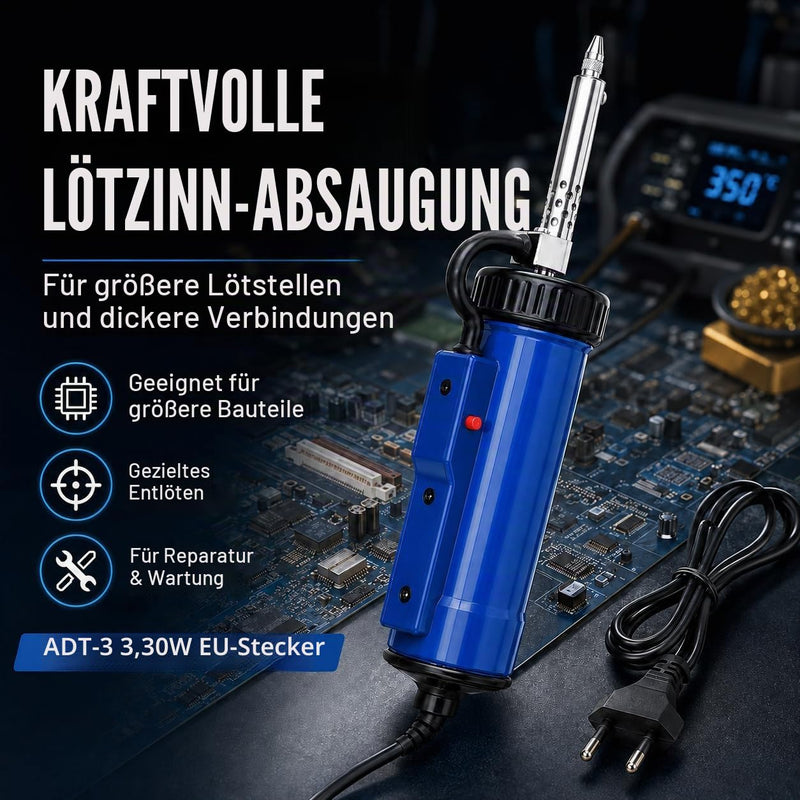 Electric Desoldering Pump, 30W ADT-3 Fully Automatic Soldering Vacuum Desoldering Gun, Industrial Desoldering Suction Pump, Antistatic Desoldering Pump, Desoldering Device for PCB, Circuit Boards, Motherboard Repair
================================
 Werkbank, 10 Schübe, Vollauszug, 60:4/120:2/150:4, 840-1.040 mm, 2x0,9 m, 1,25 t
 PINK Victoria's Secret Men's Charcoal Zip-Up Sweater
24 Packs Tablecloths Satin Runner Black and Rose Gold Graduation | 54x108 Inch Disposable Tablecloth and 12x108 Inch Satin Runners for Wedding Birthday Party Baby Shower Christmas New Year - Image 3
================================
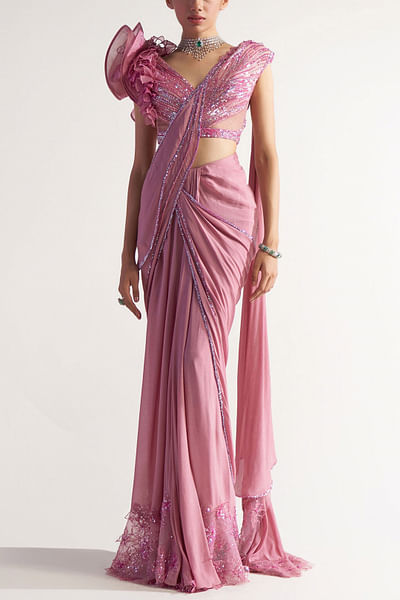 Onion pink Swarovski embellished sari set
================================
Give again exactly, and only, the lines above starting at the one with "Werkbank, 10 Schübe, Vollauszug, 60:4/120:2/150:4, 840-1.040" and ending at the one with "24 Packs Tablecloths".

 Werkbank, 10 Schübe, Vollauszug, 60:4/120:2/150:4, 840-1.040 mm, 2x0,9 m, 1,25 t
 PINK Victoria's Secret Men's Charcoal Zip-Up Sweater
24 Packs Tablecloths Satin Runner Black and Rose Gold Graduation | 54x108 Inch Disposable Tablecloth and 12x108 Inch Satin Runners for Wedding Birthday Party Baby Shower Christmas New Year - Image 3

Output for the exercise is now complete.